To solve the problem, we need to find the lengths of the diagonals of the rhombus and then use them to calculate the area. Let's denote the lengths of the diagonals as: - \( d_1 \): the longer diagonal - \( d_2 \): the shorter diagonal From the problem, we have the following conditions: 1. The difference between the diagonals is \( d_1 - d_2 = 42 \) cm. 2. The shorter diagonal is \( \frac{5}{12} \) of the longer diagonal, which can be expressed as \( d_2 = \frac{5}{12} d_1 \).
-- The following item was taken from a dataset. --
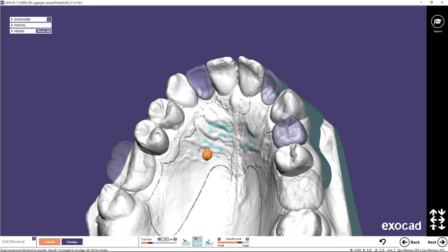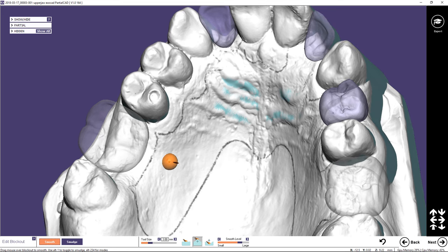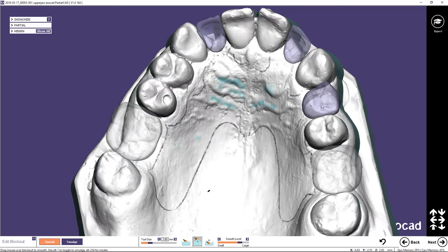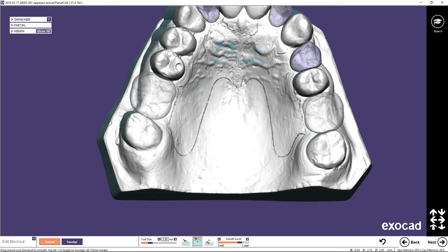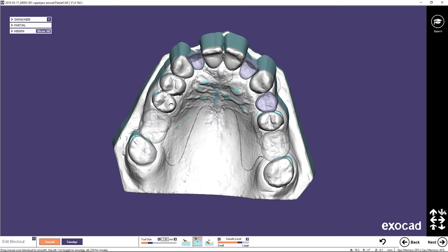Model imperfections or holes can be filled here as well. Click Next.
Now, we can substitute the second equation into the first equation to find \( d_1 \). ### Step 1: Substitute and Solve for \( d_1 \) Substituting \( d_2 \) into the first equation: \[ d_1 - \frac{5}{12} d_1 = 42 \] This simplifies to: \[ \frac{7}{12} d_1 = 42 \] Now, we can solve for \( d_1 \): \[ d_1 = 42 \cdot \frac{12}{7} \] ### Step 2: Calculate \( d_1 \) Let's calculate \( d_1 \): \[ d_1 = 42 \cdot \frac{12}{7} = 72 \text{ cm} \] ### Step 3: Calculate \( d_2 \) Now that we have \( d_1 \), we can find \( d_2 \): \[ d_2 = \frac{5}{12} d_1 = \frac{5}{12} \cdot 72 \] ### Step 4: Calculate \( d_2 \) Calculating \( d_2 \): \[ d_2 = \frac{5 \cdot 72}{12} = 30 \text{ cm} \] ### Step 5: Calculate the Area of the Rhombus The area \( A \) of a rhombus can be calculated using the formula: \[ A = \frac{1}{2} d_1 d_2 \] Substituting the values of \( d_1 \) and \( d_2 \): \[ A = \frac{1}{2} \cdot 72 \cdot 30 \] ### Step 6: Calculate the Area Now, let's calculate the area: \[ A = \frac{1}{2} \cdot 72 \cdot 30 = 1080 \text{ cm}^2 \] Thus, the area of the rhombus is \( 1080 \text{ cm}^2 \).